■ **Activity**
For the material below, return exactly the lines starting at the one holding "Cepat dan mudah'" and ending at the one holding "Capot avec plaque", counting both as part of the range.

■ **Data**
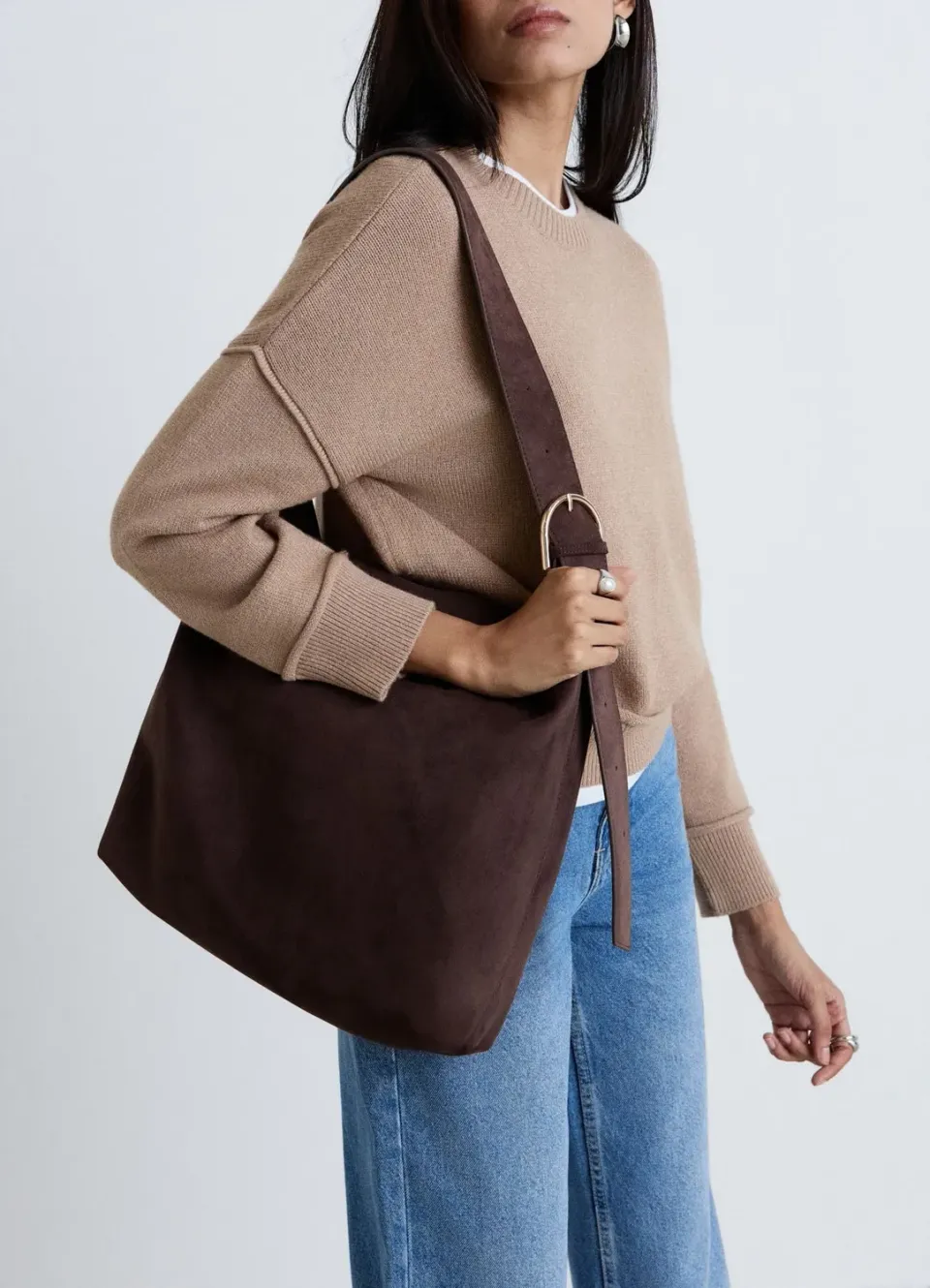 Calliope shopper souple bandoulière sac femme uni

==

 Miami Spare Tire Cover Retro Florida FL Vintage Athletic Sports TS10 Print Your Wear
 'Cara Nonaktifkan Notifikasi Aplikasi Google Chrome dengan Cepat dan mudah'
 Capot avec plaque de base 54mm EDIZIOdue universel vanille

■ **Written solution**
 'Cara Nonaktifkan Notifikasi Aplikasi Google Chrome dengan Cepat dan mudah'
 Capot avec plaque de base 54mm EDIZIOdue universel vanille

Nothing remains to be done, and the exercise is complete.